▶ **Assignment**: Locate all lines in the data below that hold "reactive" and show them.

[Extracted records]
○ ○ ○ ○ ○ ○ ○

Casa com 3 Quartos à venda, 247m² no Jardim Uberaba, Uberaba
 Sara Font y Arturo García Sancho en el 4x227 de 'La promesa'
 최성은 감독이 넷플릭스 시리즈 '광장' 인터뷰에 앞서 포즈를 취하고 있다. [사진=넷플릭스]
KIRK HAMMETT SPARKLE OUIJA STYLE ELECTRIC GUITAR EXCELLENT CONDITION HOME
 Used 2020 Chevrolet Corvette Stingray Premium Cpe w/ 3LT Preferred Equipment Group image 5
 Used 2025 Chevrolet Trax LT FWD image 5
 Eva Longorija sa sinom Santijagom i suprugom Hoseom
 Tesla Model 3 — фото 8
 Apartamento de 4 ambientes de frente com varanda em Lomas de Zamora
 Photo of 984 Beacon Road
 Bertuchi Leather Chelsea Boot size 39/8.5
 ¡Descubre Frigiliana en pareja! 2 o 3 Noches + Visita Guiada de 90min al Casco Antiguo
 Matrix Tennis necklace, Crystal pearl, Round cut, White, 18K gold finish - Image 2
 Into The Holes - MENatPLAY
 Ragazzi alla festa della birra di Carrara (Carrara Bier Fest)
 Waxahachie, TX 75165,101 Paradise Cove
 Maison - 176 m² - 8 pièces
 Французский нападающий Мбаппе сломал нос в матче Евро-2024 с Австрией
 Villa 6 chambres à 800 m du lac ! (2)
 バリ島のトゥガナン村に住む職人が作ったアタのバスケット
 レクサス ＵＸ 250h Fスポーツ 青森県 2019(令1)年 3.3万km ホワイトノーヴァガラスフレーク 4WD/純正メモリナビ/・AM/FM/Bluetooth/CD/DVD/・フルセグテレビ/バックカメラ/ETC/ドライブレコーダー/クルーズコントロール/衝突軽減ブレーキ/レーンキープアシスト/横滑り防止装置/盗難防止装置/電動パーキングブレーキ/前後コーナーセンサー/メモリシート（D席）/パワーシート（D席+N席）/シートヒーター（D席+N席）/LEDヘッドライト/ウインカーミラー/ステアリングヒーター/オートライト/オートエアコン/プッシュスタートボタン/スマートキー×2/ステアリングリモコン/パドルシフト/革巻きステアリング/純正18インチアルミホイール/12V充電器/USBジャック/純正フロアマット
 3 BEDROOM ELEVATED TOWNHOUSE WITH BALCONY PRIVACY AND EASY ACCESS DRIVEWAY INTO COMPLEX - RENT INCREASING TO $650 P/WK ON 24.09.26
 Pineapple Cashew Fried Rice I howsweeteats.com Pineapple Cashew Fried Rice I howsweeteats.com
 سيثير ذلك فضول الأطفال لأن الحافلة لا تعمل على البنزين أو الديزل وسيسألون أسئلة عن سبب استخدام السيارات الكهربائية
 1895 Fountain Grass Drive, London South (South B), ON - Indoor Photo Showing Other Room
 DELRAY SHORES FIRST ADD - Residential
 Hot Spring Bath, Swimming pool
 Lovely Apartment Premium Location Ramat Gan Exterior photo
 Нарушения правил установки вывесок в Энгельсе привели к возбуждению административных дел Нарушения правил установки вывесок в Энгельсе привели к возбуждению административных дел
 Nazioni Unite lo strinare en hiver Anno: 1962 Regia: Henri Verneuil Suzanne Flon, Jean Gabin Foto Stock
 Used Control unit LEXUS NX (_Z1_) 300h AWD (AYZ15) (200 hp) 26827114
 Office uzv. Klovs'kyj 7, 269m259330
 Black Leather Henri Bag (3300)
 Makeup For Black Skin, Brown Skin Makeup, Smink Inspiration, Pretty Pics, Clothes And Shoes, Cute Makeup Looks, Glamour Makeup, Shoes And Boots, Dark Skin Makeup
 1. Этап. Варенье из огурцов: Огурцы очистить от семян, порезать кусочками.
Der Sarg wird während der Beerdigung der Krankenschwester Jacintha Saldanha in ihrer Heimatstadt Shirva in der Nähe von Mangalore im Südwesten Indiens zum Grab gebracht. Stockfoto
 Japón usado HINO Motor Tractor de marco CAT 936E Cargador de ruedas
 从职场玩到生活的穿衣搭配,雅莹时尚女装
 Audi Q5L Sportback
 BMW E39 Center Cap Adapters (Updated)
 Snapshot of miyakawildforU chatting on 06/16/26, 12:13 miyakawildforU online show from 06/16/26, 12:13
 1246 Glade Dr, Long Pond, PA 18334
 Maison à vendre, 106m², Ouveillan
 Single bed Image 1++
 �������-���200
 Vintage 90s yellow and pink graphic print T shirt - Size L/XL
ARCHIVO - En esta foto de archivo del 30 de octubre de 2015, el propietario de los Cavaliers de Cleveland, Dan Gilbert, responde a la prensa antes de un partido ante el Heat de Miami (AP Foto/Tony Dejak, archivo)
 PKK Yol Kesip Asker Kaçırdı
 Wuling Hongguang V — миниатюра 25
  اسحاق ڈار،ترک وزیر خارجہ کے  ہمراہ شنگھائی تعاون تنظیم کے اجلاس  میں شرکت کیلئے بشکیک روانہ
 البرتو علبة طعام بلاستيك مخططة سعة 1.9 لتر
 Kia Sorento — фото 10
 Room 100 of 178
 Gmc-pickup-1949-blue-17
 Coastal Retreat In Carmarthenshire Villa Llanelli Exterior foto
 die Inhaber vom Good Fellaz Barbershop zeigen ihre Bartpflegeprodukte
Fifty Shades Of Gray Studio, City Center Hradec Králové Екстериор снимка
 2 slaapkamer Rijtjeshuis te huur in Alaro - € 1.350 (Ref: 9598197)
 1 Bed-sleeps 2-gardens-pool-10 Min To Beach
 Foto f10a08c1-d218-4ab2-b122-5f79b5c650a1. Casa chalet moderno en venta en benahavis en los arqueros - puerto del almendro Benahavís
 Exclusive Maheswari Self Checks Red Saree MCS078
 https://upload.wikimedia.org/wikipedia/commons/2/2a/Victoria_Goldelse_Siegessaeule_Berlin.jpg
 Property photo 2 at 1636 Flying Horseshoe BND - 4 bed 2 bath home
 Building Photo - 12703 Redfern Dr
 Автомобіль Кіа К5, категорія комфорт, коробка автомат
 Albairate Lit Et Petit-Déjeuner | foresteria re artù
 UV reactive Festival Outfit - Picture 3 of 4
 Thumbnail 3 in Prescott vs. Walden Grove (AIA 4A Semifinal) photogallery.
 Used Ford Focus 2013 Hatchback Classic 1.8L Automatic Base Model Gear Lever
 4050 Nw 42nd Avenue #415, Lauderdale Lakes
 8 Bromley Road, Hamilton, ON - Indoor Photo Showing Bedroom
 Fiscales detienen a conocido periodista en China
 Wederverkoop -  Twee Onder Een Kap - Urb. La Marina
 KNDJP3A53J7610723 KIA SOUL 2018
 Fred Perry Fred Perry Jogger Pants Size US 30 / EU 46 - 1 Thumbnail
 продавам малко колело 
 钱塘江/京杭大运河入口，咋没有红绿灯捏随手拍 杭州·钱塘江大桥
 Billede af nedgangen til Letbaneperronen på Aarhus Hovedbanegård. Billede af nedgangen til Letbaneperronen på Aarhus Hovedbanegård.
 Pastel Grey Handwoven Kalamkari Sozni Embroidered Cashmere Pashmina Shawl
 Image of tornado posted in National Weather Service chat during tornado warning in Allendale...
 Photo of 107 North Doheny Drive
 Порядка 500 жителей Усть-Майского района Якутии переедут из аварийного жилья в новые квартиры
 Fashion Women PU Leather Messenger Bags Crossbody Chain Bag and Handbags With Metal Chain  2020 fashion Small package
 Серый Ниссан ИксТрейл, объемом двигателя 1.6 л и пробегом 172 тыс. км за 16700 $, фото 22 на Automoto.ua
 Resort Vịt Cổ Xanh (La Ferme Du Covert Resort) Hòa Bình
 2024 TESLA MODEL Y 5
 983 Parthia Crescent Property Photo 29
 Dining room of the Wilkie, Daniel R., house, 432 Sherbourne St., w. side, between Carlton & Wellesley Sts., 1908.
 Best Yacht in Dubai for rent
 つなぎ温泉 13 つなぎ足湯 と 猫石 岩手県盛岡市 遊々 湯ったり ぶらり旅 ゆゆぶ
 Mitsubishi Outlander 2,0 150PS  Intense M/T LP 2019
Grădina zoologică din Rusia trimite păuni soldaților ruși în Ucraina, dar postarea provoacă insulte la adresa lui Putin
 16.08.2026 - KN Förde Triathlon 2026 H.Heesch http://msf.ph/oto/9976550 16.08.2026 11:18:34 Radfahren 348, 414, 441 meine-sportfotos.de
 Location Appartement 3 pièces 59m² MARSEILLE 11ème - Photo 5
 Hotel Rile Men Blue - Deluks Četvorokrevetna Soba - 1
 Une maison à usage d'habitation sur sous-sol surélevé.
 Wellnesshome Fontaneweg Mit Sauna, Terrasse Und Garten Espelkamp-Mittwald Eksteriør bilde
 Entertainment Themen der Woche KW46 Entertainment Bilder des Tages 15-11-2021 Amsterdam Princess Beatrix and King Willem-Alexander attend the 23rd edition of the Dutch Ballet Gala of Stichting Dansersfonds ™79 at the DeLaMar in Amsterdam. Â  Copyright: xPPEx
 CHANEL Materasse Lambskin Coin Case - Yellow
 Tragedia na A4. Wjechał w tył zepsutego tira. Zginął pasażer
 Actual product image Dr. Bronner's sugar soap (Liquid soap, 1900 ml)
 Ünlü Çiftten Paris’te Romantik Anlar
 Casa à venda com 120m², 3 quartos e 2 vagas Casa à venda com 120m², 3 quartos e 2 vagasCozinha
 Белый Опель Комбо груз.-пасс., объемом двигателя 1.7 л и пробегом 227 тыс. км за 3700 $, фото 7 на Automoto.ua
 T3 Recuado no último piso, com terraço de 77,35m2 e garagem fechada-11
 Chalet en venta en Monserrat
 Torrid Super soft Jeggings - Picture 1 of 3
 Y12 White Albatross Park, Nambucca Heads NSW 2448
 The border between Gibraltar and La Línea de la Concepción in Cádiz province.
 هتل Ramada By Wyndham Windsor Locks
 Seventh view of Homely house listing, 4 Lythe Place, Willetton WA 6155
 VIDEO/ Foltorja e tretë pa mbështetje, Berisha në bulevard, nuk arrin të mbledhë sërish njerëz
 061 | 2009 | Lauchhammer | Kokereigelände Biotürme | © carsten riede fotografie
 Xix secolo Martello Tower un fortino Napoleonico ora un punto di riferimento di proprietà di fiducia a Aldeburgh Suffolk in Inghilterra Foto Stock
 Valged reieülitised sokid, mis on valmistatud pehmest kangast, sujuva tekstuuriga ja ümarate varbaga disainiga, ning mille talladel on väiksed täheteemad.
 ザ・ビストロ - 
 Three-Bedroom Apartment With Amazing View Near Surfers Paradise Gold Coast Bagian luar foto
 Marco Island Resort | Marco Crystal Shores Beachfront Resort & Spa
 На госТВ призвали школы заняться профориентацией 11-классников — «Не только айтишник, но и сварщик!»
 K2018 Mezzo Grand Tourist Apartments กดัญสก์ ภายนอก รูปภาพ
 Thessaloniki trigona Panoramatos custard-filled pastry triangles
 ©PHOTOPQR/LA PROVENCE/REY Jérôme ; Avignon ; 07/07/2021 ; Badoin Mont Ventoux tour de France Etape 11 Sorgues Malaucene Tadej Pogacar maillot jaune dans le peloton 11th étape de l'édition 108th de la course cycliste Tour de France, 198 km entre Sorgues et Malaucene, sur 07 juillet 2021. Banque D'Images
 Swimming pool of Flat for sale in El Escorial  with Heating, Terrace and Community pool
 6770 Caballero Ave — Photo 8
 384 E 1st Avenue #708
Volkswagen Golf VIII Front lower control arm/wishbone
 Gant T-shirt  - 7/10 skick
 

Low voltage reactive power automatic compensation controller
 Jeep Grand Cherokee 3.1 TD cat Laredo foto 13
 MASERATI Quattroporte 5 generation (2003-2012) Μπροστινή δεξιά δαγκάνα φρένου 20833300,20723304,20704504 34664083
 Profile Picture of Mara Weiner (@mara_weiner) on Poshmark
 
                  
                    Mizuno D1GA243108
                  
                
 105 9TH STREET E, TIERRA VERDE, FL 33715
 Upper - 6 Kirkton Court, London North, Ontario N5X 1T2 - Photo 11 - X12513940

○ ○ ○ ○ ○ ○ ○

▶ **Result for this exercise**:
 UV reactive Festival Outfit - Picture 3 of 4
Low voltage reactive power automatic compensation controller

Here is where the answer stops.